Una lágrima llorada
A primeros de enero coincidí en el ascensor de nuestra casa con una vecina, que subía con su tercera hija, Covadonga, una cría muy guapa de unos dos años. Le pregunté qué le habían traído los Reyes Magos y me contestó con una gran sonrisa: «una bañera». Cuando pronunciaba «ba-ñe-ra» se le encendían aún más la cara y los ojos. Su madre le recordaba que también le habían puesto una muñeca y otras cosas, pero ella insistía en la bañera, la bañera. Me pareció que la bañera era lo que le apasionaba de verdad.
En el trayecto, la niña se miraba en el espejo del ascensor y su madre le preguntó si se encontraba guapa, para luego dirigirse a mí y decirme que hacía unos días, también mirándose al espejo, su hija le había dicho, mientras se señalaba su propia mejilla: «Mira, una lágrima llorada». Esta frase a su madre le llamó la atención, al menos tanto como para recordarla y contarla a los demás, deduje. A mí, desde luego, me pareció un encanto: «una lagrima llorada». Sólo un buen poeta, o una niña de dos años, es capaz de decir cosas así. «Una lágrima llorada», nada menos.

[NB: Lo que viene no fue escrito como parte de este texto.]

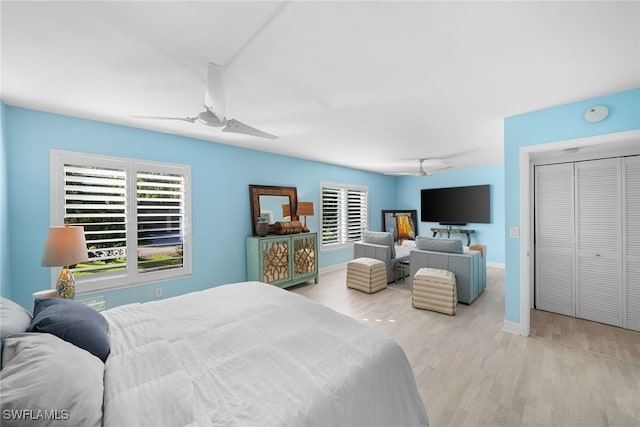 bedroom featuring a closet, ceiling fan, and light hardwood / wood-style flooring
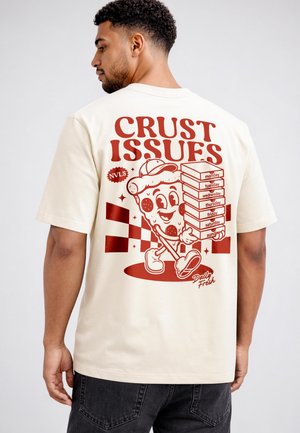 Mann trägt cremefarbenes T-Shirt mit roter Grafik einer Cartoon-Pizzascheibe, die gestapelte Pizzakartons hält, beschriftet mit Wochentagen und Text "Crust Issues."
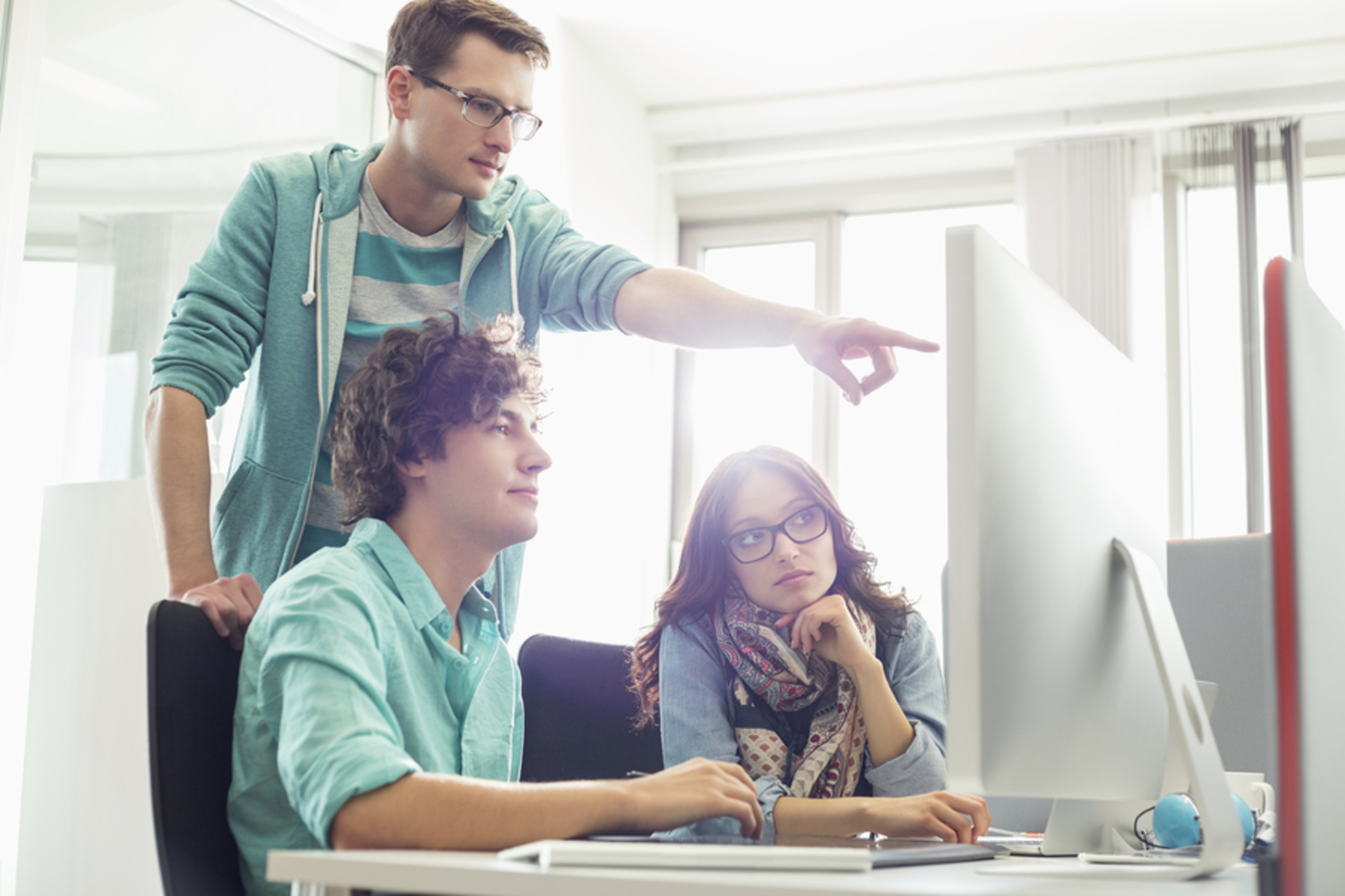 Group of coworkers discussing a project in front of a desktop computer.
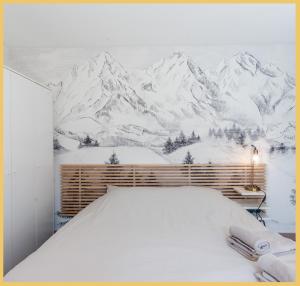 a bedroom with a mountain mural on the wall at Appartement T2 Moderne Neuf Collonge in Collonges-sous-Salève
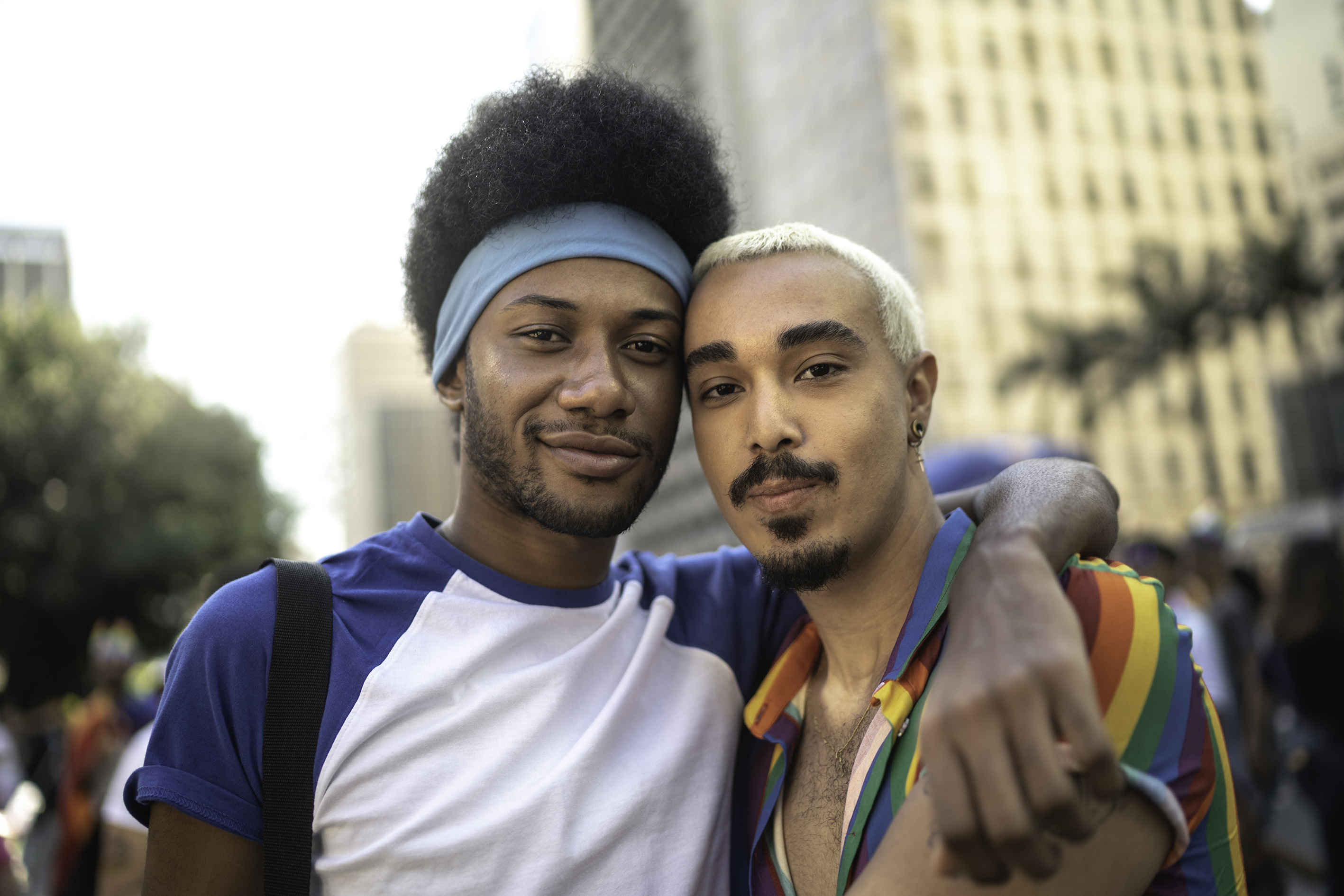 Two men, one arm round other, pride rainbow outfit Two men, one arm round other, pride rainbow outfit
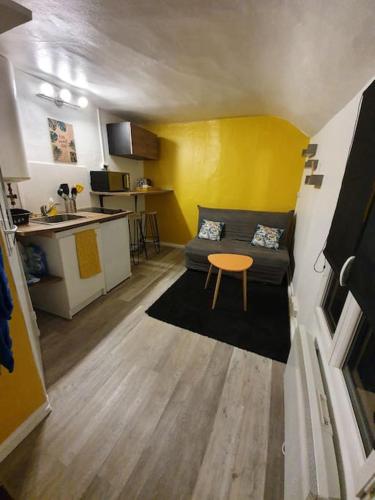 un petit salon avec un canapé et une table dans l'établissement Joli studio au coeur d'Orléans et bords de Loire, à Orléans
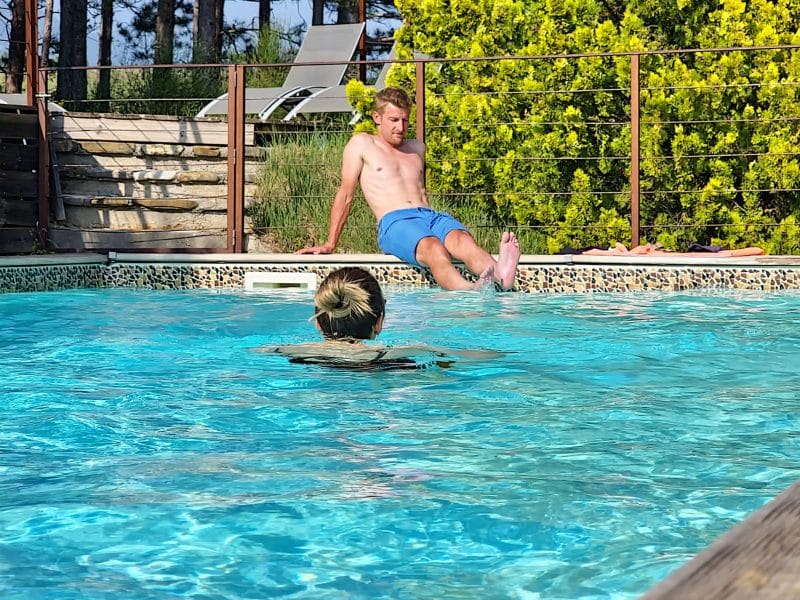 Hébergement avec piscine, un homme se détend au bord de leau sous un soleil radieux.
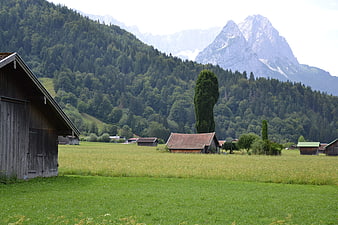 Rustic Bavarian Alps Landscape with Wooden Barns and Mountains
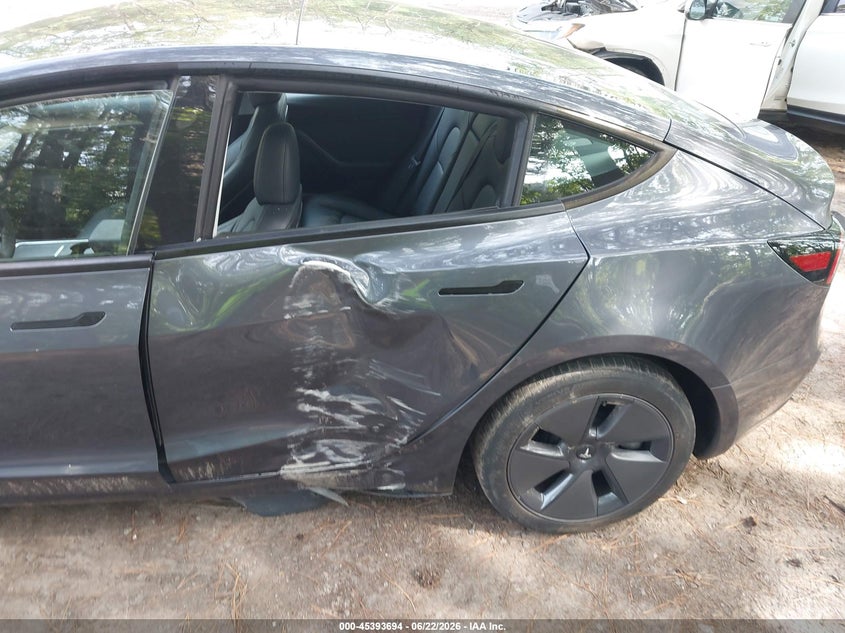2023 Tesla Model 3 VIN 5YJ3E1EA4PF714456 IAAI salvage auction — REAR END, Salvage Title, sold $8,600 on 2026-07-31 (photo 6)
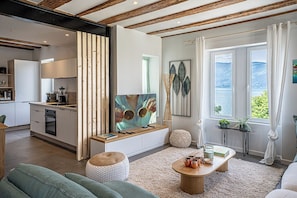 Ein modernes Wohnzimmer mit großem Fernseher, einem Holztisch und Meerblick durch große Fenster.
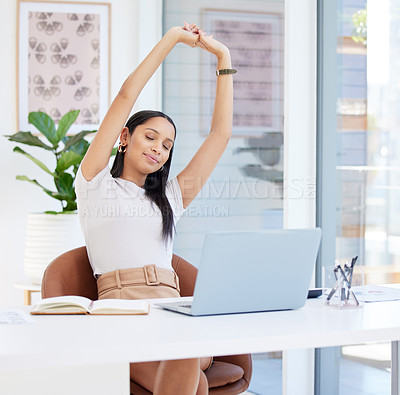Buy stock photo Shot of a young businesswoman taking a stretch break at work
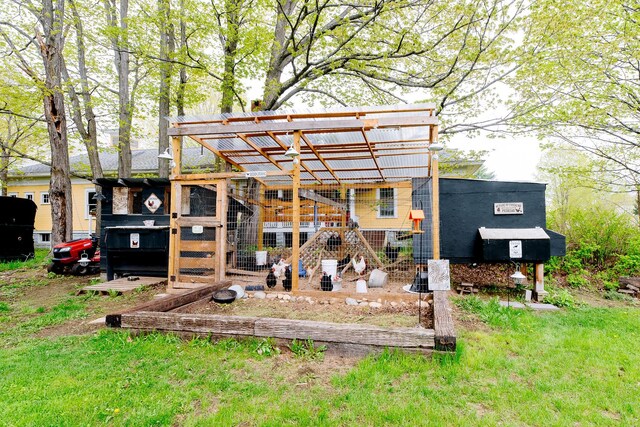22 Pleasant St, Phillips, ME 04966 - rear view of property with exterior structure and an outdoor structure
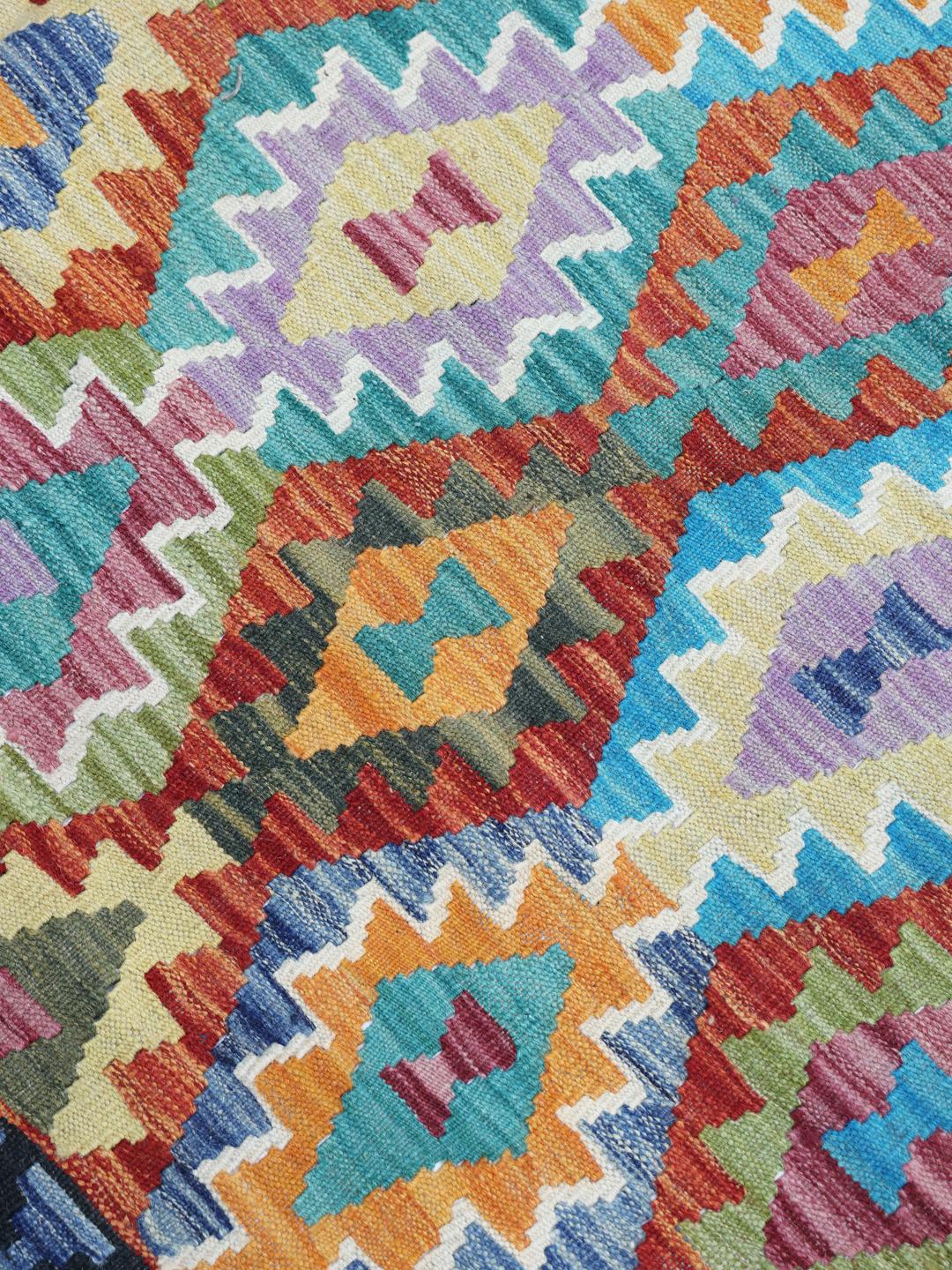 Hand-woven Afghan Kelim rug with vibrant geometric patterns and a multicolor palette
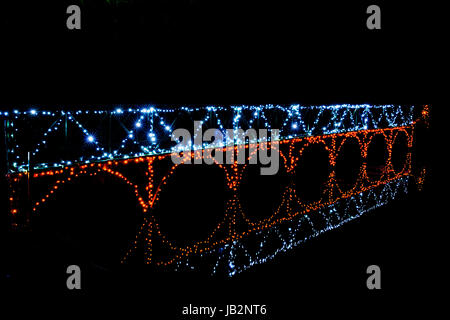 Modifica stilizzata del piede illuminato ponte tra la parte del lago e la sua riflessione a Blenheim Palace di luci di Natale. Dicembre 2016 Foto Stock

Los niños son una maravilla, son la alegría, la vitalidad, la esperanza, la poesía. Son la cara buena de una moneda que tiene otra en la que no hay pocos dramas, suciedades y desaguisados de todo tipo. ¿Qué sería de nosotros, de nuestra sociedad, sin niños? y ¿cómo es que hay tantos abortos? Es más, ¿cómo es que hay tan siquiera un aborto?